I will describe a particular way of circumventing this issue.

I would like to point out that what I will be describing is NOT hypernova, but it remains to be seen whether these ideas can be combined in some way.

My original applications was using Lasso-styled lookup inside of a folding IVC, but there are also other applications.

### Fixing the terminology

Protostar is a large paper, including many different tricks. When I talk about the Protostar here, I mean the folding scheme which folds any (special sound public coin) protocol with verifier of algebraic degree d (which is equivalent to saying that we have an algebraic circuit represented as a system of equations of degree d, split into rounds, and with challenges sampled after each round).

This scheme is exactly what is described in particular cases in “folding endgame” post (though I prefer thinking about it in a “circuit” terms, and Protostar paper uses “protocol” terminology).

I will refer to the system of equations of degree d as “circuit in general arithmetization”. Protostar folding scheme doesn’t care about particular nature of these equations as long as they are of degree d.

Protostar paper also includes an ingenious trick which allows to remove most of the work devoted to computing MSM for cross-terms. I will refer to it as Protostar-transform, and will never explicitly invoke it; but it should be noted that everything that I’m saying is perfectly compatible with applying Protostar-transform as a last step.

The principal cost of Protostar-transform is 1 additional round.

### At the MSM barrier

Before we proceed, we need to familiarize with the landscape.

I suggest the intuitive notion of an “MSM barrier” - the fact that currently existing succinct proof systems require the prover to *at least* commit to the witness. Excluding FRI-based schemes (and focusing on homomorphic linear ones) we see that prover must expend at least time required to compute MSM of the size of the witness.

I will also make a case that the schemes I want to discuss are necessarily recursive or at least have linear prover. Say, Groth16 or PlonK technically are at the MSM barrier, but have n\log(n)-sized FFT computation which prevents them from scaling too much.

**Nova IVC** is not at MSM barrier, as its ec ops cost (excluding recursion overhead) is not only committing to witness, but also committing to cross-terms. These are rhs-sized, so each folding incurs additional MSM of size g, where g is the amount of equations.

**Sangria IVC**, a direct extension of Nova IVC to higher degrees, increases this cost dramatically, because it has (d-1) cross terms, each requiring an MSM of size g.
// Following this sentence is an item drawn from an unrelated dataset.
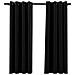 Tende Oscuranti Effetto Lino Con Occhielli 2 Pz 140x175 Cm Nere - Foto miniatura 2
**Protostar-transform IVC** touches the MSM barrier. The reason for this is that transform converts the system of g degree d equations into 2 \lceil \sqrt{g} \rceil equations of degree 2 and a single large equation of degree d+2. The cross-terms are then computed separately for gates of degree 2 (which involves a negligible O(\sqrt{g})-sized MSM), and there are additional d+1-cross terms communicated without commitment (and even if we would commit to them, it would be a constant cost).

The principal cost of Protostar-transform is an additional round, and rounds in Protostar are cheap (almost free) for the prover, but increase the communication with verifier (as Protostar prover must commit to each round separately). In the IVC context this translates back directly as a prover cost, blowing up the recursive overhead r times, where r is the amount of rounds.

**Hypernova** - afaik, it is on the MSM barrier, but I am not sure. I do not understand exactly how recursive overhead looks, too.

### Beyond the MSM barrier

Somewhat surprisingly (and, personally, counter-intuitively for me, as I’ve always followed the MSM blueprint), there are already protocols on the other side of the MSM barrier.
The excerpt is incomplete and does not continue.